O estabelecimento oficial da data é importante ainda por combater dois dos grandes problemas que temos enquanto nação: a tendência ao esquecimento da nossa história e a contemporização. É por conta destes equívocos que perdoamos os perpetradores dos mais nefastos crimes contra nosso povo, como os torturadores na ditadura civil-militar ou até romantizamos o papel de abusadores, assassinos e traficantes de escravizados como os bandeirantes, os senhores de engenho, barões do café, coronéis e generais como os que atuaram exterminando as populações caboclas na região em que nos encontramos. Exemplo disso é que a artilharia da 5ª Divisão do Exército recebe o nome de Marechal Setembrino de Carvalho. Não se trata de revirar o passado, pois ele se encontra muito presente, a exemplo do recente debate sobre anistia aos que buscaram derrubar o estado democrático de direito no ano passado. O episódio nos remete ao general Olympio Mourão Filho, anistiado por tentativa de golpe em 1961 e um dos conspiradores no golpe de 1964: o perdão e a conciliação nos leva a repetir a nossa (triste) história.
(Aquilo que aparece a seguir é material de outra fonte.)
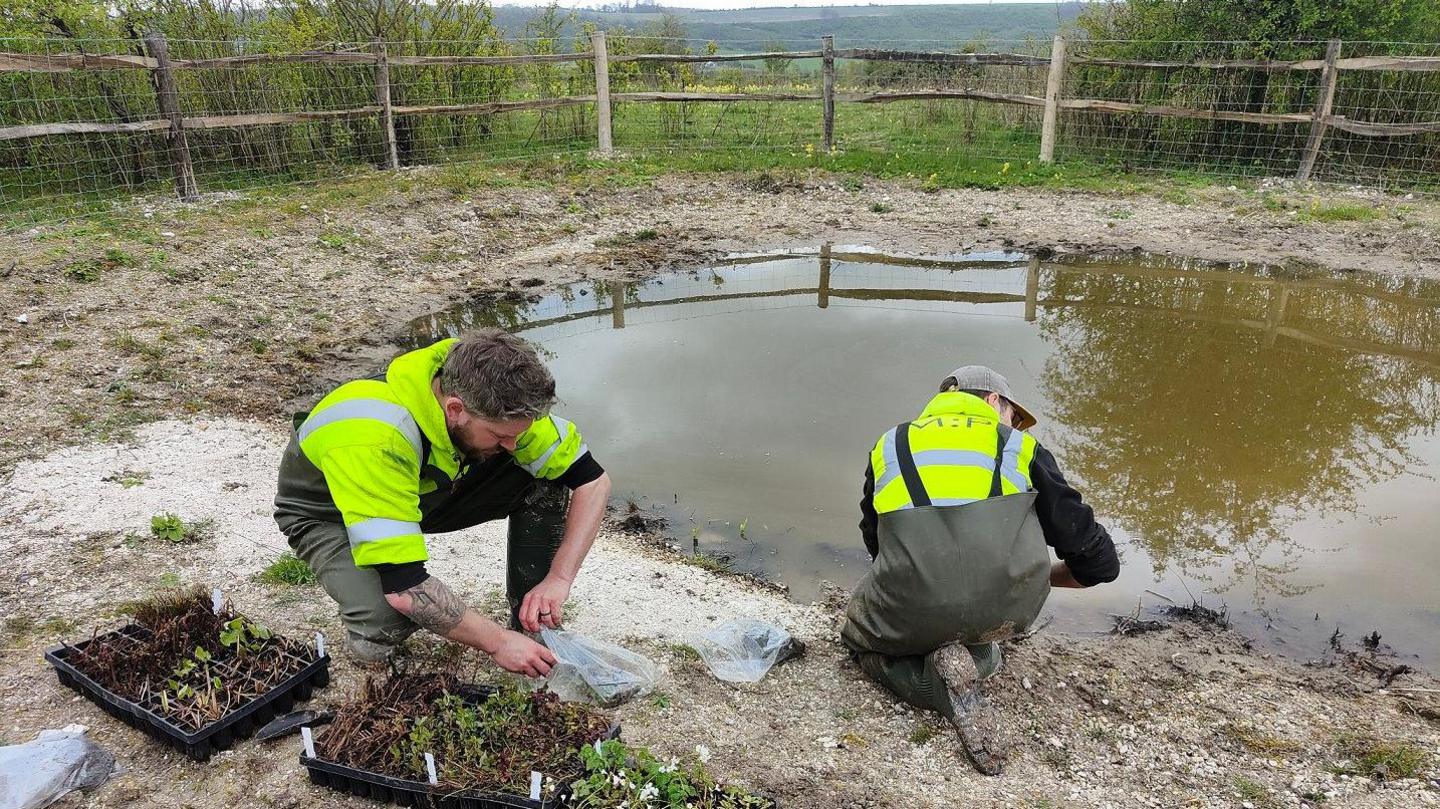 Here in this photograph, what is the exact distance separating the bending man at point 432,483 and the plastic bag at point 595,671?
Result: 23cm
Eu entendo que essa discussão tem o condão de trazer um incômodo em grande parte das pessoas, pois elas imaginam que rememorar significa o mesmo que não buscar a superação, quando é exatamente o oposto. Apenas podemos virar a página ao compreendermos os fatos e extrairmos deles as lições para evitarmos cair nos mesmos erros. Há também o falso entendimento de que a responsabilização e a reparação são formas de manter conflitos quando deveríamos buscar a “pacificação” e a “harmonia”. Ocorre que não se constrói uma sociedade harmônica empurrando para baixo do tapete os problemas e forçando uma conciliação que nunca ocorreu. Ainda há extermínio de povos indígenas, ainda há uma severa estratificação social por conta do racismo, populações marginalizadas continuam sob o controle do braço armado do estado, ainda há escravidão, a tortura de presos se disseminou nos presídios e membros das forças armadas ainda fazem ameaça de ruptura em plena luz do dia. Assistimos a agentes de segurança arremessarem um homem de uma ponte e um outro executar com 11 tiros um rapaz pelo crime de furtar produtos de limpeza. Naturalizamos o horror para não ter de cumprir o dever cívico de reconhecer nossa história, repleta de violência desde a sua fundação.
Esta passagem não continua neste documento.